The Book of Ezekiel records several visions he saw from God. Visions are difficult to understand and interpret as they involve an attempt to describe – with human language – things that “eye has not seen, nor ear heard” (1 Corinthians 2:9). One such vision was Ezekiel’s vision of God and the four creatures in Chapter 1.
Ezekiel describes seeing “four living creatures”, each with four faces and four wings (v 5 and 6). We later learn that these creatures are Cherubim – the angels that guard the throne of God and unceasingly cry out “Holy, holy, holy” to God. The four faces were of a man, a lion, an ox, and an eagle (v 10). We might think that this is a strange scene. However, in the Revelation, St John also describes seeing four living creatures with a similar appearance (Revelation 4:6-8).

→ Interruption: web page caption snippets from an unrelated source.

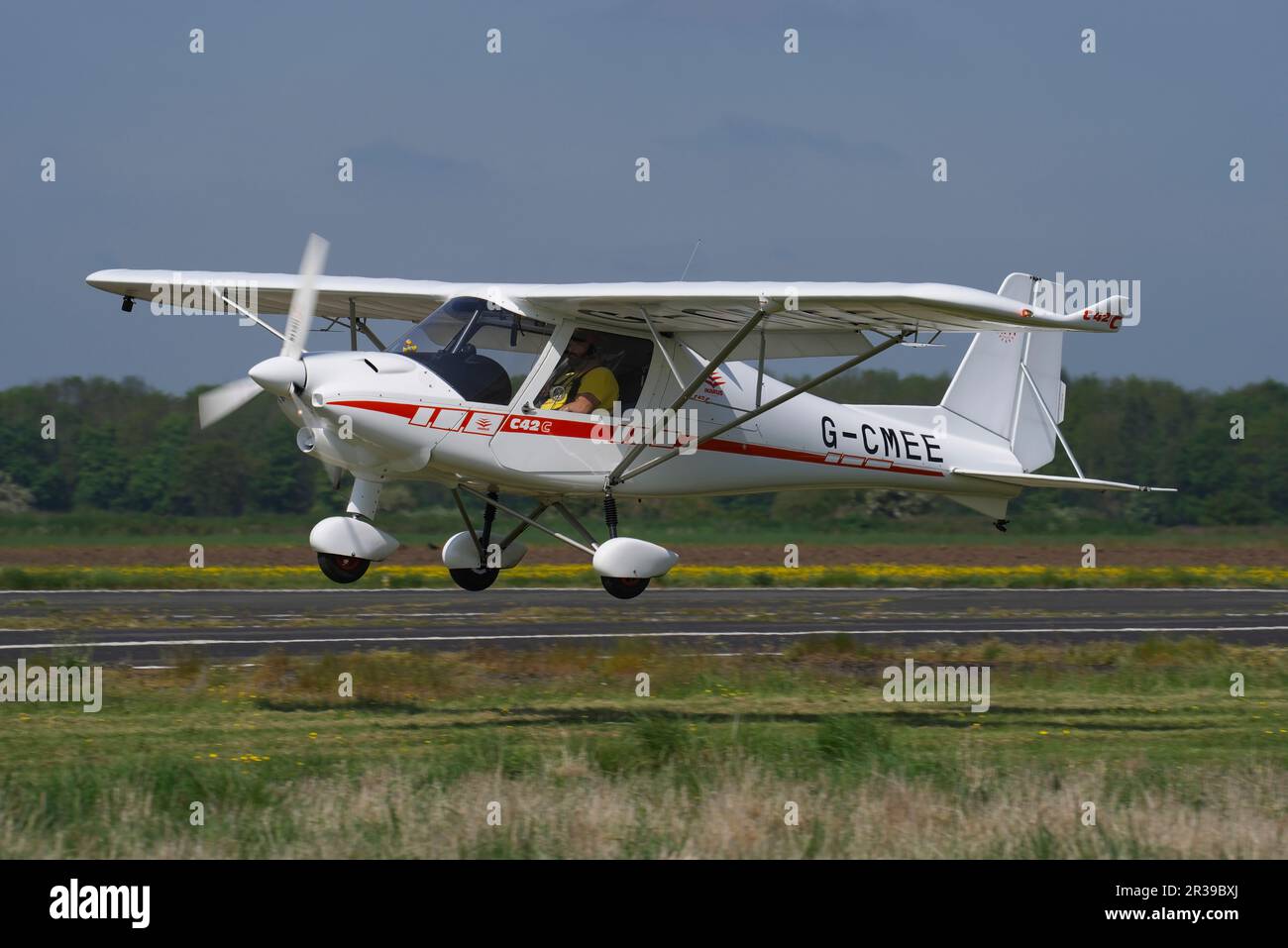 Comco Ikarus C-42, FB100 G-CMEE, Sleap Airfield, Shropshire, England, United Kingdom, Stock Photo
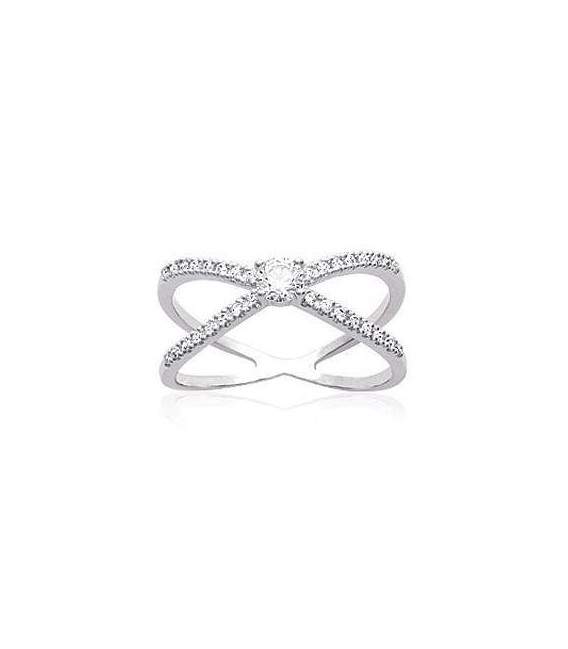 bague argent entrelacs d'anneaux incrustée de zirconium 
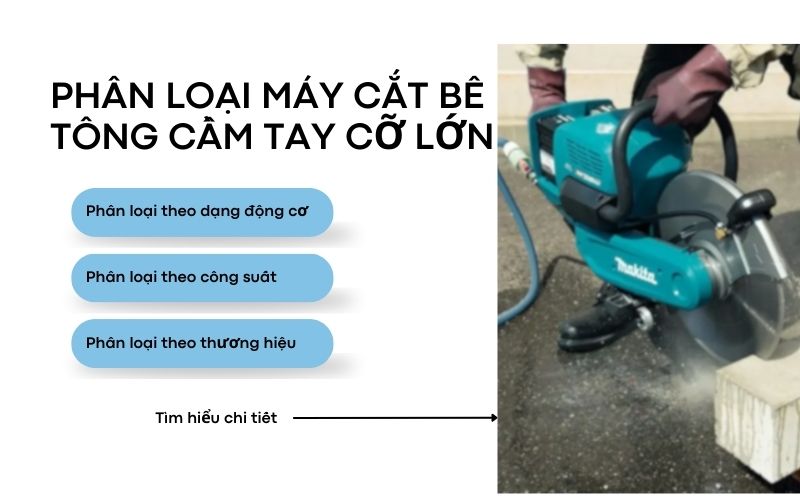 Phân loại máy cắt bê tông cầm tay cỡ lớn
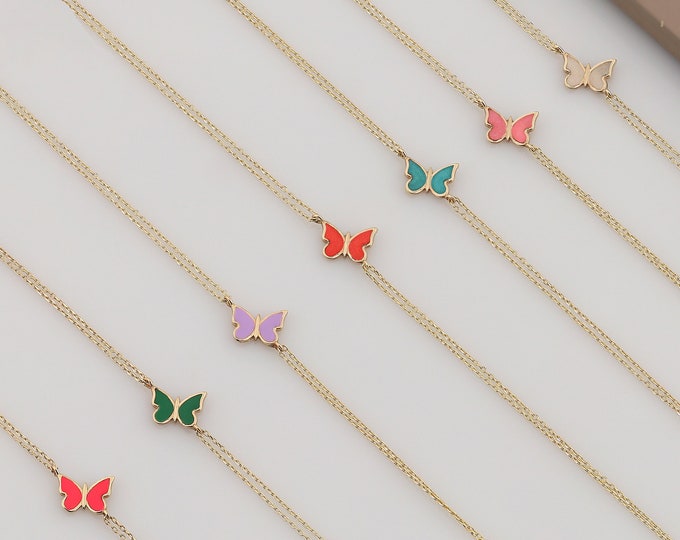 14k Gold Butterfly Bracelet | Blue, Green, Purple, Pink, White, Red Butterfly Bracelet, Handmade Enamel, Gift for Teenagers, Memorial Gift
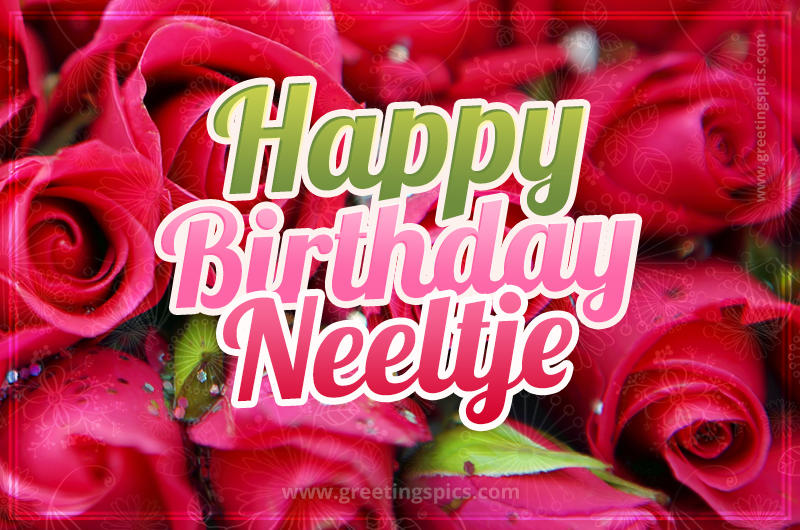 Happy Birthday Neeltje beautiful Image with red roses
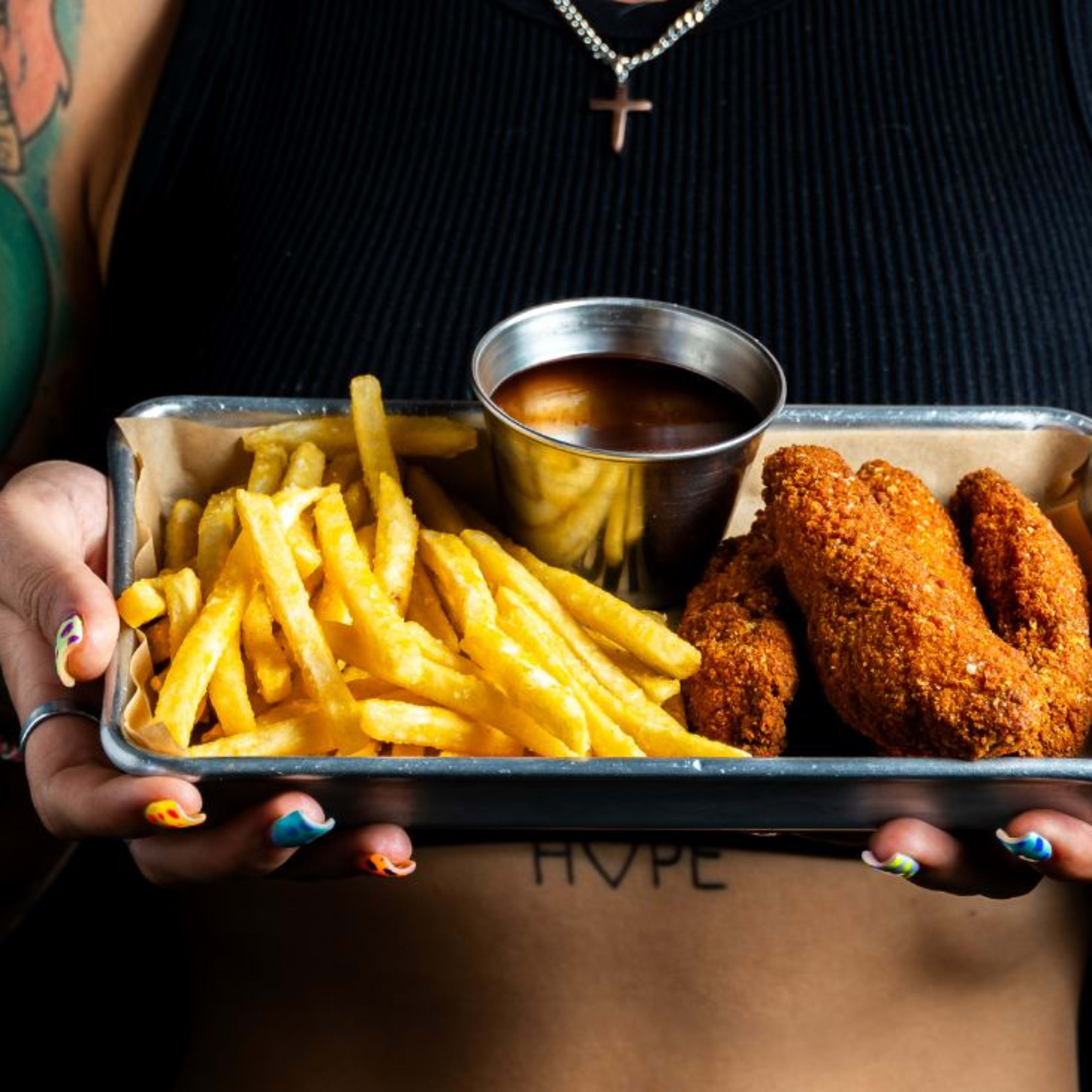 Chicken Tender with McCain Stick.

The Church Fathers see these creatures as representing the Four Evangelists. They also show the characteristics of Christ Himself which we are called to emulate, being the human reason He had, the sacrifice He made like an ox, the lion-like bravery He had and the contemplation of higher things we achieve through Him, symbolised by the eagle.
Ezekiel then sees “one wheel on the earth next to each living creature,” designed in a way that there was a “wheel within a wheel” (v 14 and 15). Those wheels went wherever the living creatures went (v 20). St Gregory the Dialogist sees the wheels as illustrating that the “New Testament lay hidden by allegory in … the Old Testament,” which is carried by the Evangelists and helps us to understand God.
Finally, Ezekiel sees a man surrounded with brightness “like the appearance of a rainbow in a cloud on a rainy day” (v 27). This represents the glory of the New Covenant brought by Jesus’ Incarnation – where before there was darkness, now there is brightness and glory.